Sermayenin korktuğu yerde işçinin çözümü başlar!
AKP iktidarı döviz kurunu belirli bir seviyede tutmak için Merkez Bankasının döviz rezervlerini har vurup harman savuruyor. Yine de döviz kurundaki artış ve Türk lirasındaki değer kaybına mani olamıyorlar. İhracat artar cari açık kapanır dediler. Ancak ihracat da ithalata bağımlı olduğu için cari açık kapanacağı yerde daha da açıldı. Olan ihracatçı sermayeye ucuz emek gücü olarak sunulan memleketin işçisine emekçisine oldu. Turizme bel bağladılar. Turizmde de savaş koşulları beklentilerin karşılanamamasına neden olacak. Nisan’da açıklanan rakamlarla 12 aylık cari açık 21,85 milyar doları buldu. Açık daha da büyüyecek.
Cari açık büyüyor emekçi halka ödetilen fatura kabarıyor
Döviz açığı büyüdükçe sermayeyi bir korku aldı! Acaba iktidar sermaye kontrollerine gider mi? Yani sermayenin döviz işlemlerine kısıtlamalar getirilir mi? Merak etmesinler AKP iktidarı sermayenin kırmızı çizgilerine basmamayı ilke edinmiş durumda. Hem içerideki hem de yabancı sermaye güçlerine sürekli garantiler veriyorlar. Emekçi halkın ensesinde boza pişiren, hakkını arayan işçinin emekçinin karşısında aslan kesilen istibdad rejimi, elinde dolar olanların karşısında süt dökmüş kedi adeta! Sadece ABD, İngiltere, AB değil Birleşik Arap Emirlikleri, Suudi Arabistan’a da “ne isterlerse veriyor”! Yani emekçi halk sadece maddi değil manevi bir fatura da ödüyor. Ancak bu zillet bu halka reva değildir!
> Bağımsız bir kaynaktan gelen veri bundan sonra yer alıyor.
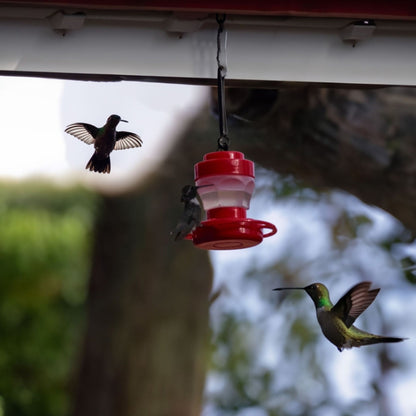 Outdoor Detachable Hanging Bird Feeder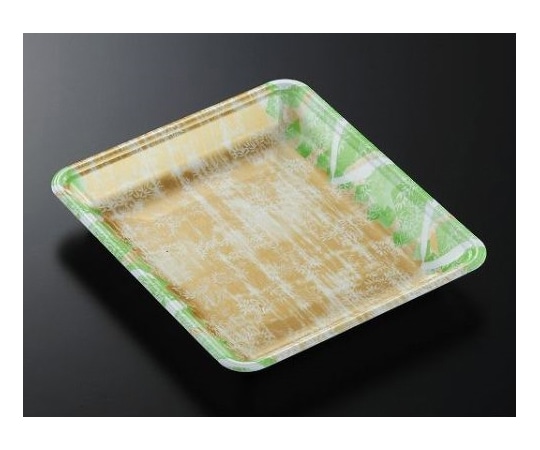 中央化学 トレーCN20-23FF四織GN内(L)900枚 348508 1ケース(ご注文単位1ケース)【直送品】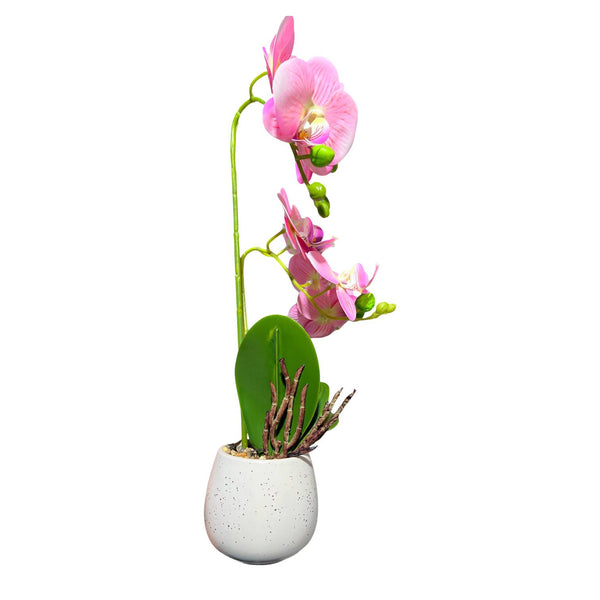Orquidea Rosada ROCÍO
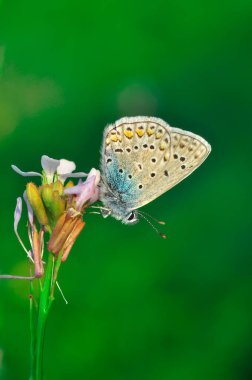 Makro çekimler, güzel doğa sahneleri. Yaklaş, güzel kelebek yaz bahçesindeki çiçekte oturuyor..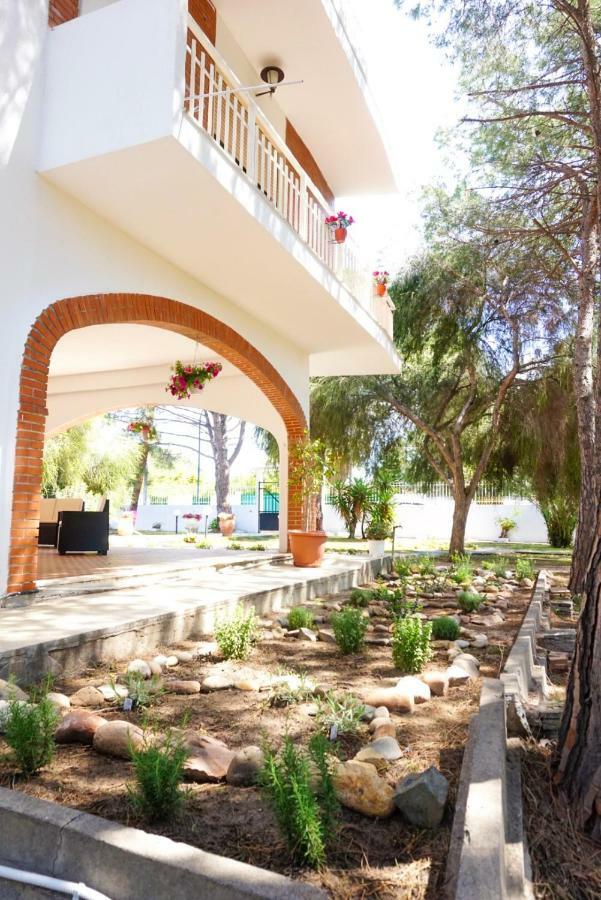 Villa Aurelia - Seafront Apartment With Terrace Quartu SantʼElena Εξωτερικό φωτογραφία
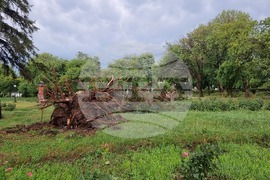 Видин - ураганен вятър - щети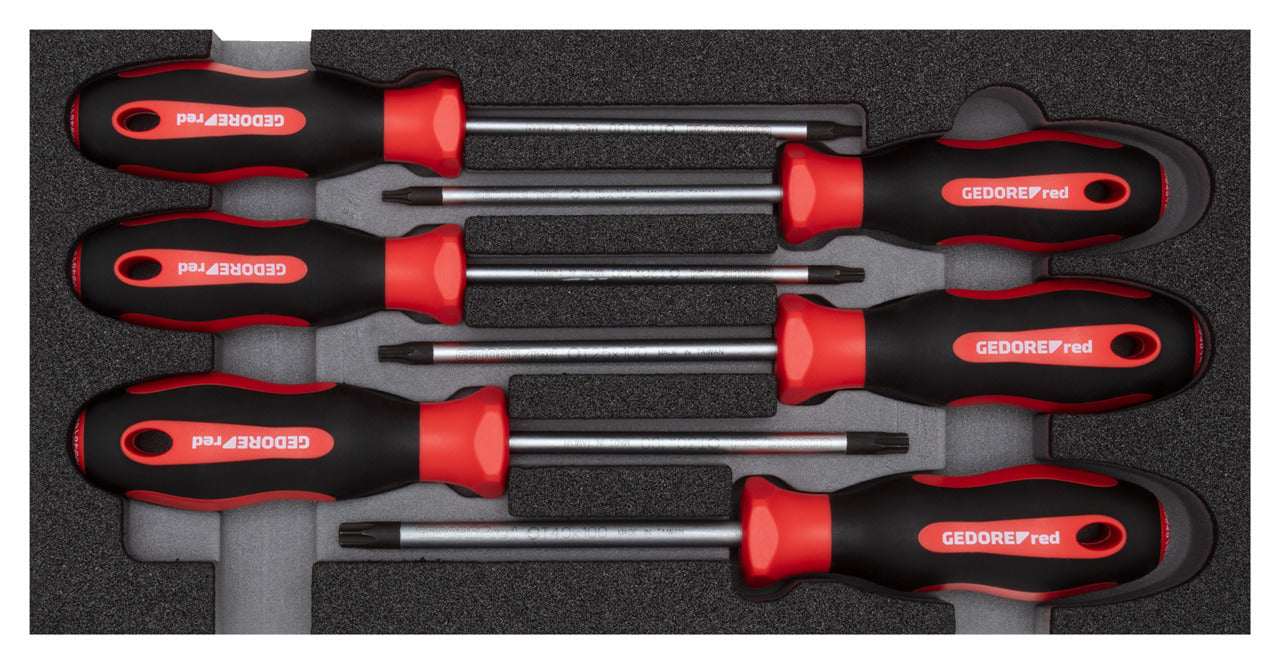 GEDORE red R22150015 - Jeu de tournevis TX, en module CT 2/6, 6 pièces
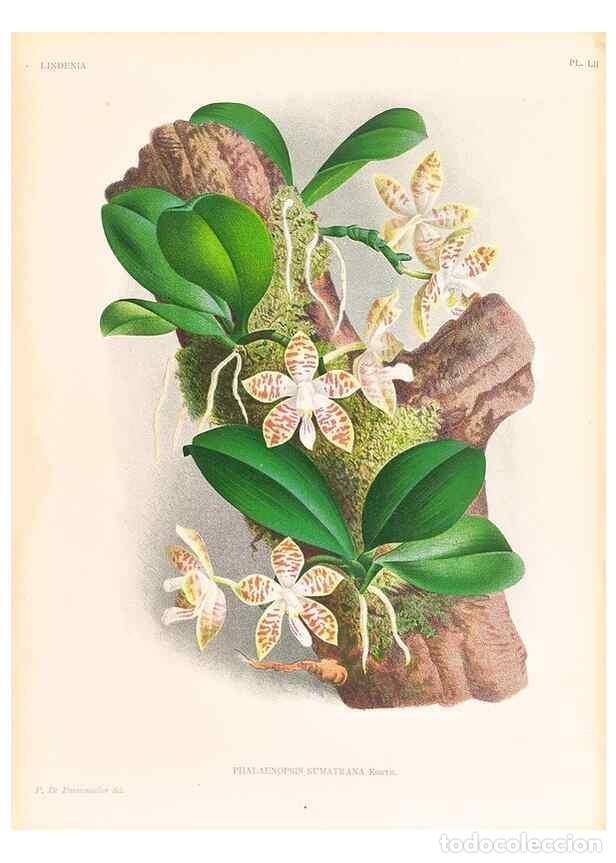 Collezionismo di Riviste e Giornali: Reproducci&oacute;n/Reproduction 49757111781: Lindenia :. Gand [Belgium] :Impr. F. Meyer-van Loo,1885-1906.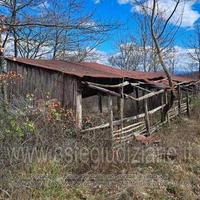 Terreno Agricolo Piancastagnaio [A4345767]
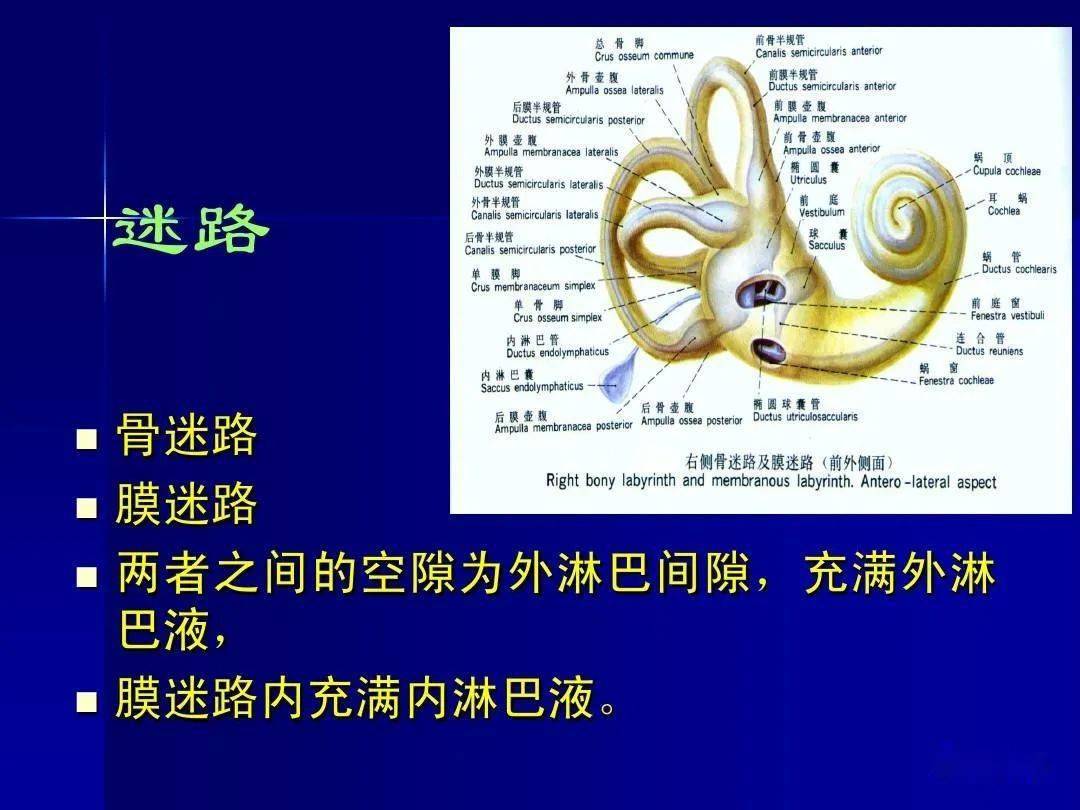 科普知識一文了解良性陣發性位置性眩暈耳石症診斷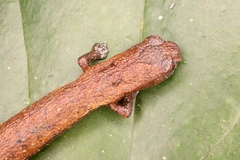 Ramos' Mushroomtongue Salamander photo 1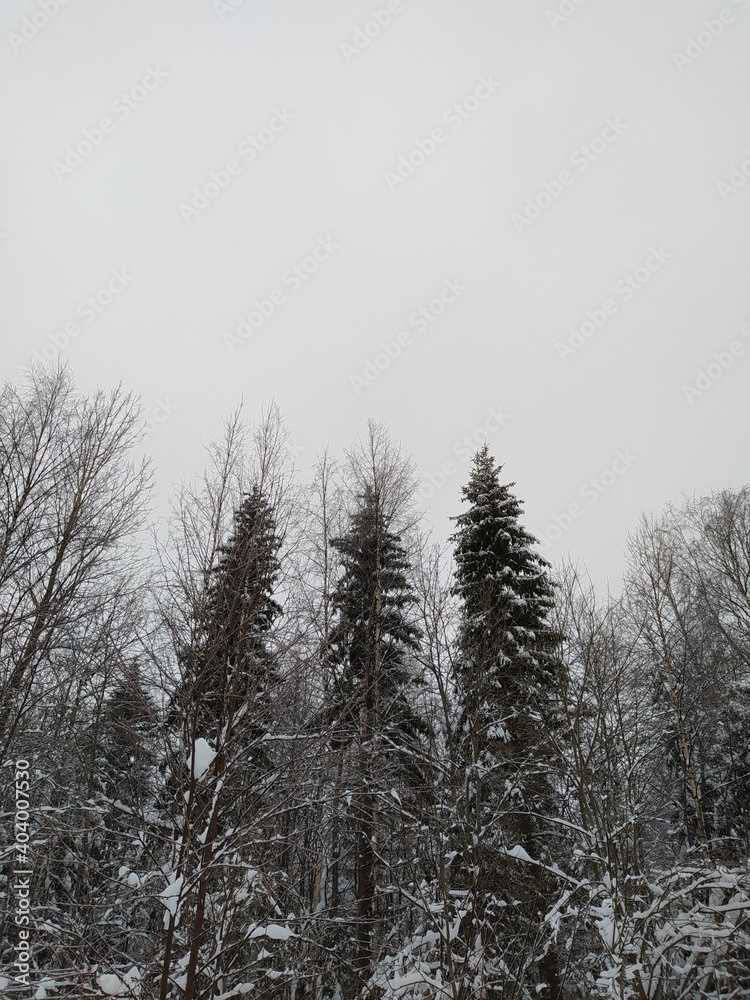 Three pines Three pines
Mülksüzleştirenler mülksüzleştirilecek!
Sermaye kontrolleri, döviz spekülasyonunun yasaklanması gibi uygulamalar sermayeyi ve parababalarını korkutabilir. Ama onların korktuğu yerde bizim çözümümüz başlar. Daha da fazlasını talep etmeliyiz. Sermaye işçi emekçi milyonları sömürüyor ve mülksüzleştiriyor. Çözüm mülksüzleştirenlerin mülksüzleştirilmesidir. Sermaye kontrolleri, tüm bankaların işçi denetiminde tazminatsız kamulaştırılarak tek bir devlet bankasıyla yapılacak bir merkezi planlamayla tamamlanmalıdır. Özelleştirilmiş tüm işletmeler ve kilit sanayi dalları da işçi denetiminde tazminatsız kamulaştırılmalıdır. Sermaye kontrolü yetmez sermaye düzenini yıkmak gerekir! Tabii bunları ne AKP ve MHP’nin istibdad cephesi ne de onların karşısındaki Amerikan muhalefetinden bekleyebiliriz. İşçi sınıfı çözüm için sınıf siyasetini yükseltmeli ve işçi emekçi hükümeti hedefiyle mücadele etmelidir.
Bu yazı Gerçek gazetesinin Mayıs 2022 tarihli 152. sayısında yayınlanmıştır.